Wow, that’s the stupidest logic I’ve ever heard from Anonymous.
I’m not sure where you got 5k from, every calculation I’ve done get’s me closer to 10k.
And if it’s a problem, move from the suburbs.
I’ve done the math from a 20 mile outside the downtown area. I still save myself 7k a YEAR by not having a car.
Rent is almost a grand per month in the city, but you factor in $300 in car payments plus $200 in car insurance plus at 30 mpg (HA!) and a 15 mile each way commute (and that’s assuming NO traffic or outside commute use) brings your monthly cost of having a car in at about $600. So unless you pay $400 for rent, never sit in traffic, and always park for free you’re costing money, time, energy and the environment.
I live and work downtown. I make sure my commute takes me 20 minutes or less. On the weekends, buses run just like any other day IF you live where it matters.
If more people rode on the weekends, their would be more frequent routes. Don’t believe me? Look at the UDist and Downtown. Ridership stays up and bus frequency is just as much as on the weekedays (plus they are actually closer to ontime)
If you’re going to start spouting numbers, make sure you use your name so we can figure out WHO is doing the numbers wrong.
Do you seriously waste 4 hours sitting at a bus stop? I usually arrive about 5 minutes before it comes, so I figure I waste all of 1/4 of an hour waiting for buses any day of the week.
First of all I don’t know which routes you are looking at with 8 passengers, but my routes are full all the time, in all honesty Sunday night can dip in numbers. There is one important thing people need to think about, Routes are usually strung together (ie 15 turns into 22 or 56) There are different times when you see the bus that maybe a few stops before a bunch got off? Maybe the route gets full closer to the end of the line. Just because someone sees 8 people on at that one spot doesn’t mean that is the total for the whole line that day. It is a misconception! I guess Metro is the only one with those answers when they do counts. People have no way of determining whether a bus is underutilized unless they ride the whole line.
I bought my Chevy Aveo with cash, so I am not familiar with this “car payment” of which you speak.
Furthermore, $200 for insurance?! You must have an abhorrent accident record. I pay less than one-fourth that.
Add just a tank of gas every week and a $75 monthly parking space, and I pay about $400 a month on my car. Tack on $50 more for carbon offsets, and I have a net carbon footprint of much less than even your average Metro rider.

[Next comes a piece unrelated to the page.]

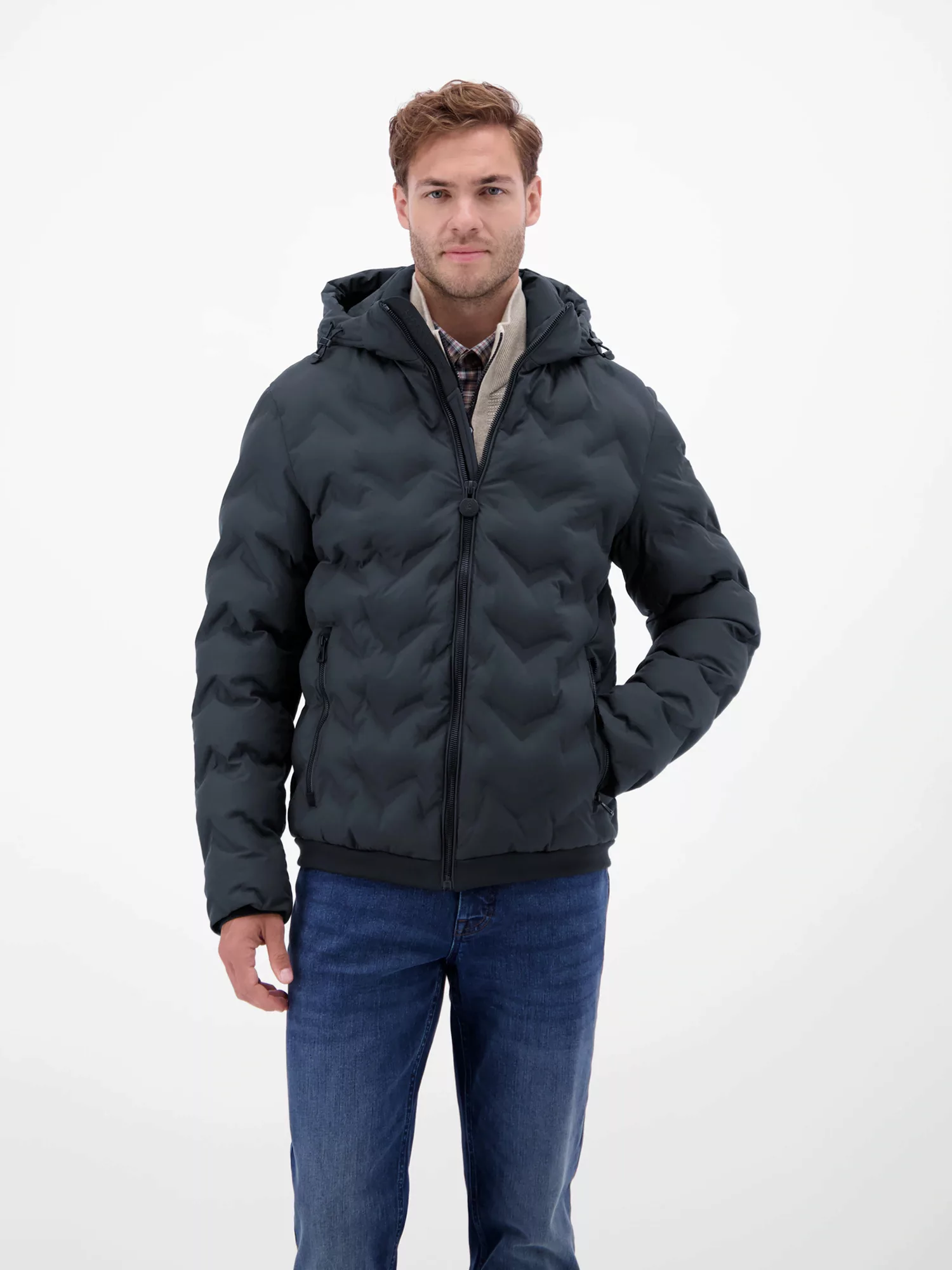 LERROS Steppjacke "LERROS Herren Funktions-Steppjacke", mit Kapuze, Wasser- günstig online kaufen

I also don’t have to worry about my neighborhood being deemed “important” enough to have frequent daily bus service by some autocratic bureaucrats down at Metro headquarters. Cars enable men to be truly free in where they want to live; buses strangle development and tie it to a so-called “master plan” of favored neighborhoods. Ever notice how few Metro buses go to certain neighborhoods? I sure do, and I have a term for that.
It feels like a big piece of disagreement between the two sides of this debate come from past bus experiences.
Take anonymous#3’s comment: “Add in another hour per weekday of bus travel time”. Clearly this person has had bad bus experiences. As the system stands, the but is not likely a good solution for a3. However, a friend of mine saves about an hour a day by riding the bus, thanks to the wonders of the carpool lane. These two likely will never agree on whether transit is a good idea, because they are effected very differently by the bus system.
Unless… someone comes along and builds a faster transit solution for a3. Maybe then s/he will give it another chance.